#### [Work task]
Restate word for word the lines below from the one that has "Roztiahol mi nohy" through the one that has "Lot 1980 BMW 320", keeping both and dropping all pictures.

#### [Exercise input]
Segment Open

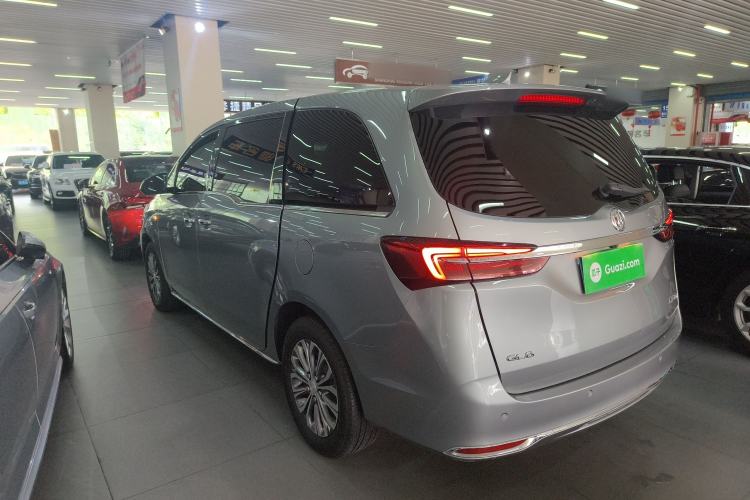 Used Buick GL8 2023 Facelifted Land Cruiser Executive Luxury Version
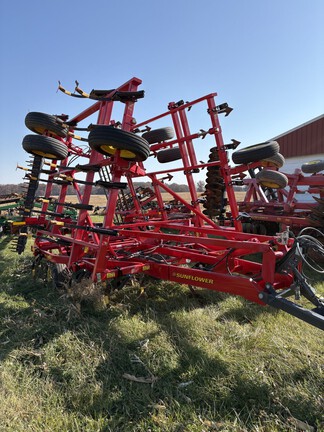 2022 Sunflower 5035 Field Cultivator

Segment Closed
Segment Open

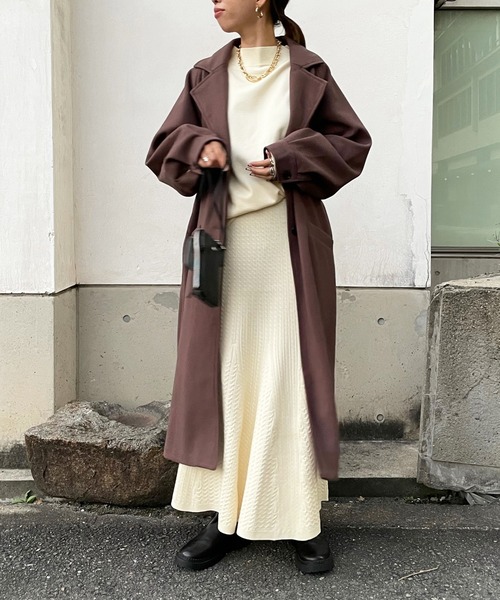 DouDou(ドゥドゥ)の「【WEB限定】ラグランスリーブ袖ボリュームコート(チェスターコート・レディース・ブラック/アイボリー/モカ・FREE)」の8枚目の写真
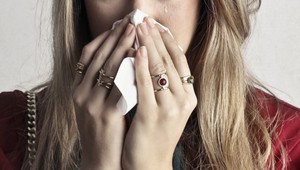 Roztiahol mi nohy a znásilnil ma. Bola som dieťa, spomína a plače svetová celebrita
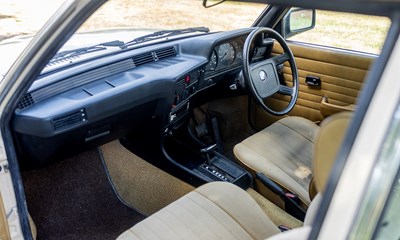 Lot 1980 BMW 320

Segment Closed

#### [Exercise answer]
 Roztiahol mi nohy a znásilnil ma. Bola som dieťa, spomína a plače svetová celebrita
 Lot 1980 BMW 320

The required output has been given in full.